Hier noch etwas, vom dem ich überhaupt keine Ahnung habe:

-Zeige alle Zeilen in einen Text an
- die ein Wort enthalten, welches mit "L" anfängt und mit "h" endet
- deren erstes Zeichen ein "A" ist
- deren letztes Zeichen ein "e" ist
- die kein "u" enthalten.

Ich weiß ist ein bischen viel, aber das sind nur max 10 % von den Aufgaben.
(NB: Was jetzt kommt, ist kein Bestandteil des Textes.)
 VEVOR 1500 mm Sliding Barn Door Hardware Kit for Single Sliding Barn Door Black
Die anderen 90 % habe ich selbst hingekriegt :-D

Ich danke schon mal.

Mit einen freundlichen Gruß

CJava


----------



## neonfly (8. Mai 2009)

Konsolenbefehle


----------



## foobar (8. Mai 2009)

Bau dir doch eine Linux-VM mit Vmware oder Virtualbox, dann haste ein richtiges System zum testen oder du nutzt gleich eine Livesystem.




Cjava hat gesagt.:


> - von wo haben sie sich auf das aktuelle System angeldet?
> Wäre das "which"?


Nein: man which:
which  returns  the  pathnames  of  the  files  which would be executed in the current environment, had its arguments been given as commands in a
       strictly POSIX-conformant shell.  It does this by searching the PATH for executable files matching the names of the arguments.



Cjava hat gesagt.:


> - Informieren sie sich über den Arbeitsplatz der anderen Users (überhaupt keine Idee).
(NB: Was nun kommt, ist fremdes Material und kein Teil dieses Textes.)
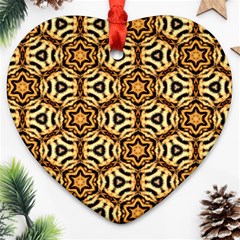 Faux Animal Print Pattern Heart Ornament by GardenOfOphir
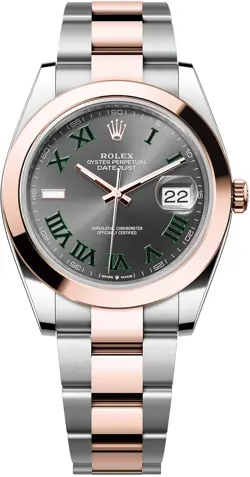 NEW FULL SET Rolex Datejust Wimbledon 41mm Everose Gold and Steel 126301 GRO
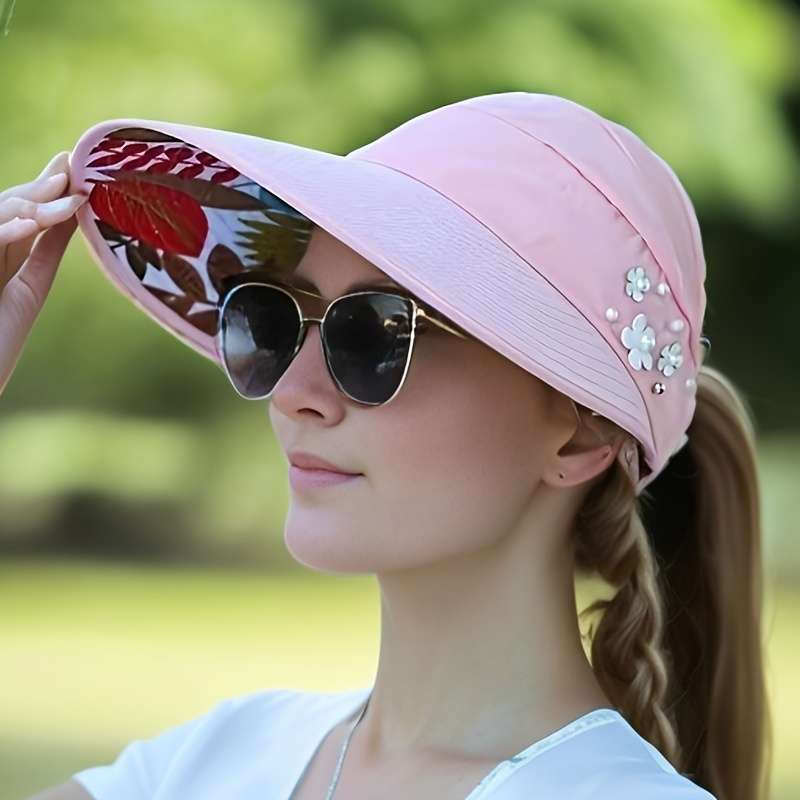 Trendy Beaded Flower Visor Hats Solid Color Foldable Uv Protection For Women Outdoor Summe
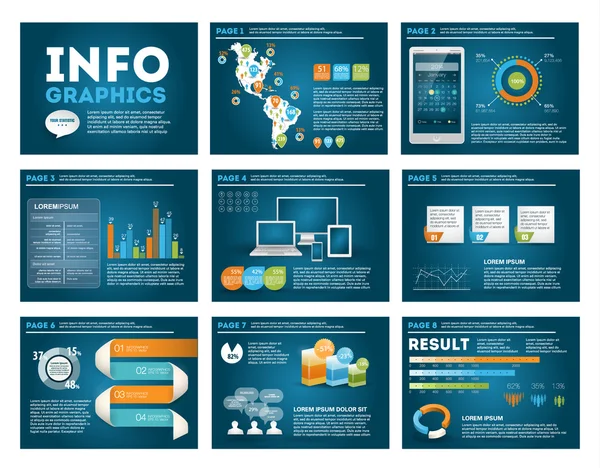Big set of infographics elements in modern business style, IT infochat. Blue dark presentation template. Use in website, flyer, corporate report, presentation, advertising, marketing. — Stock Vector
Damit ist bestimmt das Homeverzeichnis gemeint.



Cjava hat gesagt.:


> - Lösche "Vater.txt" in Uebung2/Uebung1 --> hier würde ich mv Uebung2/Uebung1/Vater.txt   machen, wäre das richtig?


rm löscht Dateien.



Cjava hat gesagt.:


> - Zeige alle Dateinamen des aktuellen Verzeichnis an:
> - deren vorletztes Zeichen eine Ziffer ist
> - Erzeuge eine Liste aler Dateien und Verzeichniss vom Subraum, für die alle Schreibrechte haben
> - Such in dem Teilbaum /home alle Dateien die dir gehören
> - Lass dir den Dateiinhalt anzeigen, aus dem Home Verzeichnis die neuer als eine Peferenzdatei sind (mit Bestätigung)
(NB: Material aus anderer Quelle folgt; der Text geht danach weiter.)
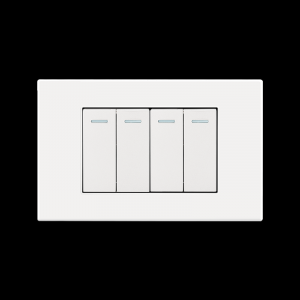 4 Gang 1 Way Plastic White Color Switch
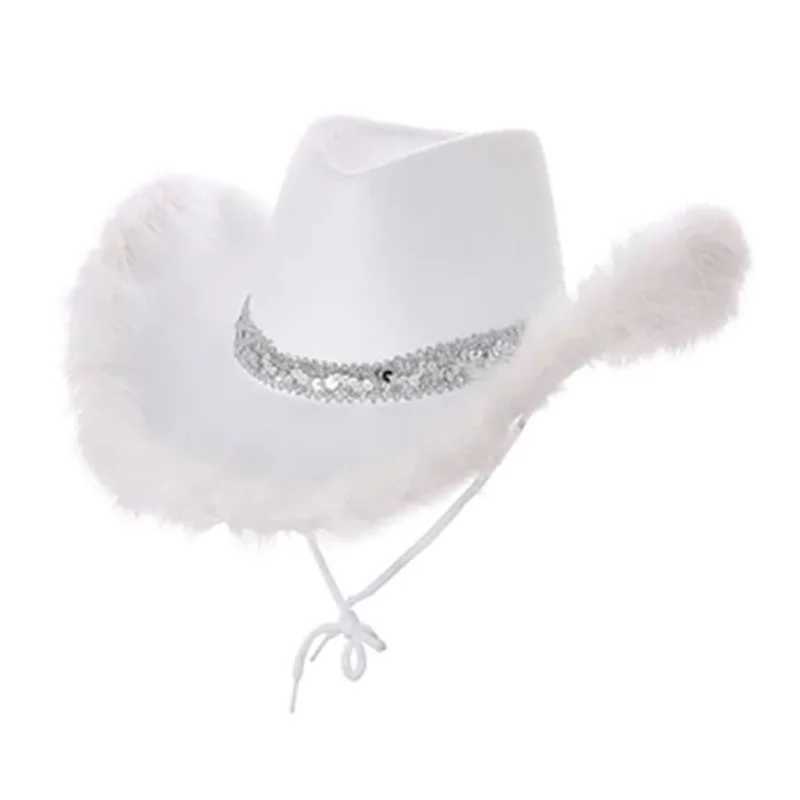 Sequined embroidered womens denim hat fashionable fur cushion wide Brim Panama Cs sun hat denim hat party hat W241225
Guck dir mal ls, grep und find an.



Cjava hat gesagt.:


> -Zeige alle Zeilen in einen Text an
> - die ein Wort enthalten, welches mit "L" anfängt und mit "h" endet
> - deren erstes Zeichen ein "A" ist
> - deren letztes Zeichen ein "e" ist
> - die kein "u" enthalten.


Auch hier wieder grep oder egrep.


----------



## sparrow (8. Mai 2009)

Cjava hat gesagt.:


> - von wo haben sie sich auf das aktuelle System angeldet?





Cjava hat gesagt.:


> - Informieren sie sich über den Arbeitsplatz der anderen Users



Letzteres ist nicht eindeutig: Entweder das /home des anderen Nutzers oder der Arbeits(platz) wo dieser sitzt.

Wenn in 2. Fall ersteres gemeint ist hilft bei beiden Quotes vielleicht ein wenig rumfingern.


----------



## faetzminator (9. Mai 2009)

Wenn du diese nicht hinkriegst, wie waren denn die anderen 90% der Aufgaben? "Starten Sie Ihren Computer..."



> - Lösche "Vater.txt" in Uebung2/Uebung1 --> hier würde ich mv Uebung2/Uebung1/Vater.txt machen, wäre das richtig?


*m*o*v*e vs. *r*e*m*ove


----------



## Cjava (21. Mai 2009)

Ok, hab soweit jetzt eigenltich alles, brauche aber nur noch kurz mal Hilfe:

Zeige alle Zeilen in einen Text an: cat Datei.txt    // müsste richtig sein
Zeige alle Zeilen an, die ein Wort enthalten, welches mit "L" anfängt und mit "h" endet
--> grep ["L"]*["h"] Datei.txt // funktioniert nicht wie ich es möchte

Zeige alle Zeilen in enen Text an, deren erstes Zeichen ein Ä ist: grep ["Ä"] eintest.txt // Sollte richtig sein.
deren letztes Zeichen ein "e" ist :  grep ?["e"] eintest.txt // Geht nicht!

... die kein "u" enthalten  grep !["u"] eintest.txt // Geht auch nicht!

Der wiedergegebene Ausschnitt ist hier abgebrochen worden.